А. Берг. «Воццек». Большой театр.
Дирижер Теодор Курентзис, режиссер и сценограф Дмитрий Черняков

Журнальная рецензия — не оперативный материал. Выходит, когда многие уже высказались на газетных страницах. Обычно позволяет подвести итоги, с кемто поспорить, на что-то ответить, найти свой путь рассуждений среди разноголосицы мнений…

С «Воццеком», поставленным Д. Черняковым и Т. Курентзисом и показанным Большим театром в последних числах ноября, произошла история редкая и потому удивительная. Его приняли в подавляющем большинстве так, что и спорить не о чем. Его поняли, объяснили, интерпретировали, темпераментно, взахлеб, дополняя друг друга, почти все мои коллеги, пишущие об оперном театре. Придется повторяться, в надежде, что у каждого печатного органа свой читатель (хотя при наличии интернета утешение сомнительное).

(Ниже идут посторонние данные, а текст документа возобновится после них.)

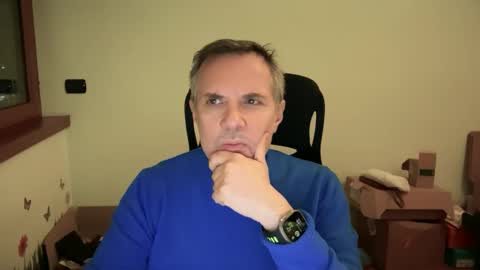 Snapshot of niceshy_71 chatting on 01/18/25, 04:53 Andrew online show from 01/18/25, 04:53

Итак. Факт обращения к опере Альбана Берга, как к одному из самых знаменитых и важных опусов ХХ века, нельзя не оценить по достоинству и нельзя не поддержать. Опера, законченная в 1921-м и впервые поставленная в 1925-м в Берлине, очень скоро обошла театральные подмостки всего мира (и неуклонно продолжает свой путь) включая ленинградский ГАТОБ. Премьеру в 1927 году посетил сам композитор, которого, как вспоминают современники, уговорил приехать Н. Стрельников — автор знаменитой «Холопки» (он подружился с Бергом, побывав у него в гостях в Вене). Спектакль ставил С. Радлов, оформлял М. Левин, дирижировал В. Дранишников.

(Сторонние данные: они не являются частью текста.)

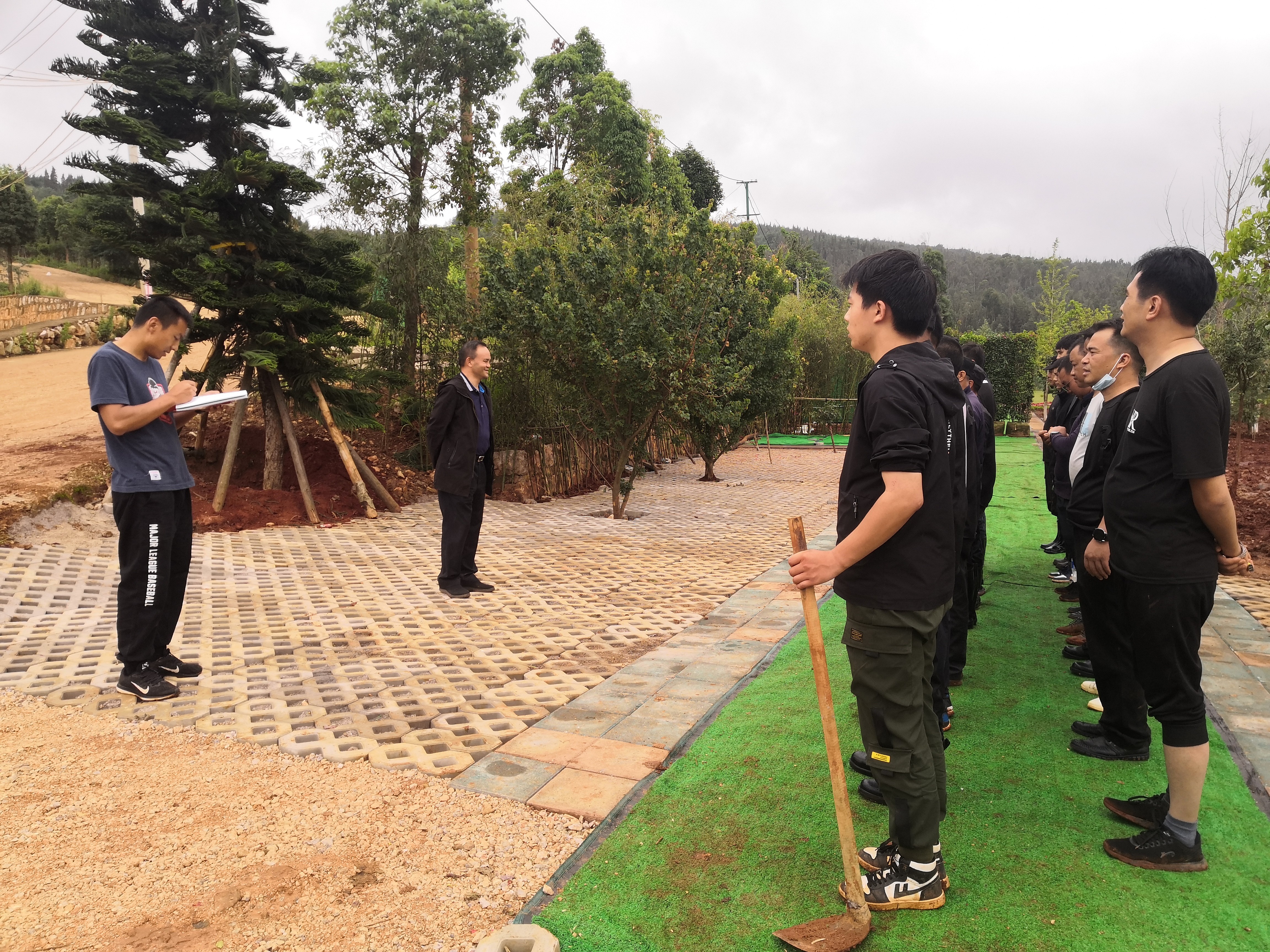 服务涵盖昆明无人机培训、昆明保安服务、昆明物业服务、昆明宠物医疗美容、昆明职业技能培训服务、昆明广告策划、昆明安防监控。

Опера по драме Г. Бюхнера (тот в основу пьесы положил случай из реальной судебной практики, вычитанный им из газеты, не закончил ее, оставив в карандашных набросках, — пьесу восстановили спустя 40 лет после смерти автора, последовавшей в 1837 году) привлекла внимание советских руководителей театра своей социальной направленностью. В год десятилетия Октябрьской революции вполне уместным казался сюжет о затравленном обществом, униженном армейском брадобрее Войцеке (так его зовут в пьесе), который убивает свою возлюбленную Мари за измену с тамбурмажором и кончает с собой: в полубезумном состоянии он забрасывает нож в пруд и заходит все глубже… В финале маленький сын Мари и Воццека (так его зовут в опере) играет у опустевшего дома…

Сцена из спектакля.
Фото Д. Юсупова

Сцена из спектакля.
Фото Д. Юсупова

Маленький человек, бедняк, солдат, его возлюбленная с внебрачным ребенком, издевательства тех, кто выше по социальной лестнице, — все это актуализировалось в первой четверти ХХ века — в битвах Первой мировой, участником которых был Берг, в революциях в России и Европе. Музыка Берга открывала новые пути воплощения чувства: чувства искаженного, усугубленного галлюцинациями, страхом, даже ужасом, безотчетным и неуправляемым, — всем, что характерно для экспрессионизма, к которому относят «Воццека», основанного на учении о додекафонии Арнольда Шенберга (у него не имеющий специального музыкального образования Берг учился композиции)…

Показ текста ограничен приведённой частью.